That same day, a federal judge hearing a similar challenge brought by the states of Washington and Minnesota issued a temporarily halt on the order, effective nationwide.

The lawsuit, filed in federal court, seeks to stop the implementation of the Jan. 27 order entitled “Protecting the Nation from Foreign Terrorist Entry into the United States.”

The order restricts immigration from seven countries, namely Iraq, Iran, Syria, Somalia, Sudan, Libya and Yemen. All of them are Muslim-majority countries.

The president’s order restricts admission to the states from those countries for 120 days and bars the entry of Syrian refugees indefinitely.

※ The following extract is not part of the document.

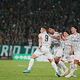 ���ž��Ʊ���Ƥ�󤲤����ޥ˥å������˾�������⤿�餷������C��SOCCER DIGEST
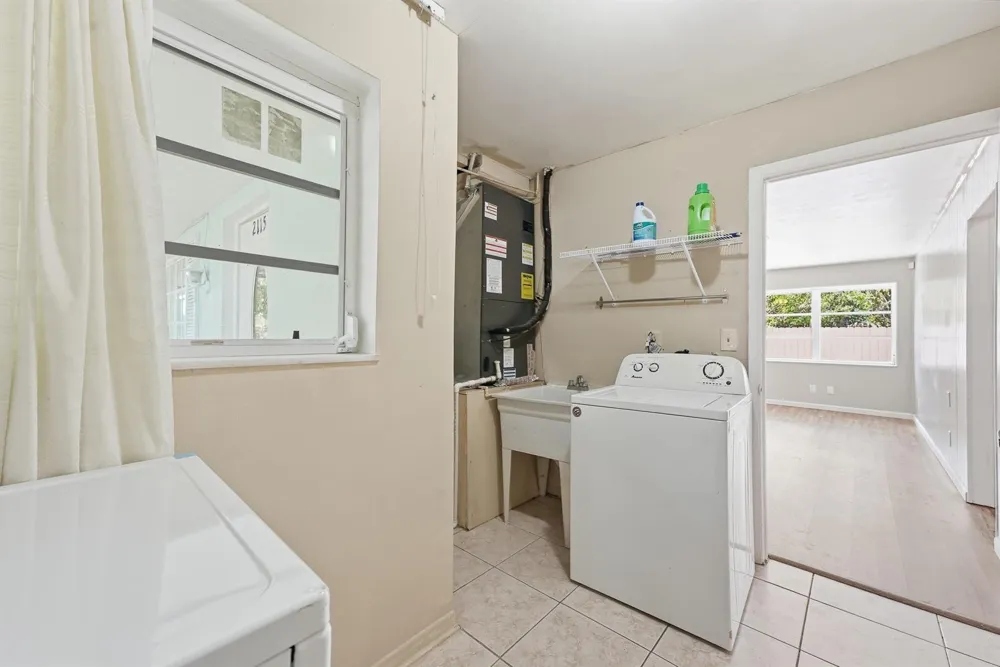 2115 15th Place Vero Beach, FL 32960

Attorney General Doug Chin, however, argues that the order violates the U.S. Constitution, relying heavily on President Donald Trump’s own statements made during his presidential campaign.

“This order is the beginning of the fulfillment of President Trump’s campaign pledge to implement a ‘total and complete shutdown of Muslims entering the United States,’” stated the Department of the Attorney General in a release announcing the lawsuit.

David Ross, chairman of the West Hawaii Republicans, said he’s not surprised that the lawsuit was filed, saying the current environment seems to be “to challenge anything Trump does.”

However, he said, he believes the lawsuit could do some good by bringing clarity to some of the “underlying issues that aren’t being made clear on both sides of this discussion.”

“I think it’s a good process to go through the lawsuits,” he said.

On Jan. 31, the state of Washington became the first to announce a lawsuit against the president over the order.

Bob Ferguson, attorney general for that state, called the order “un-American and unlawful,” according to the Associated Press.

Minnesota joined that lawsuit two days later and, on Friday, the federal judge hearing that case temporarily blocked the ban. The Washington Post reported that the ruling applies nationwide.

The Hawaii lawsuit alleges four violations of the U.S. Constitution, specifically the First and Fifth amendments, and two additional violations of federal law.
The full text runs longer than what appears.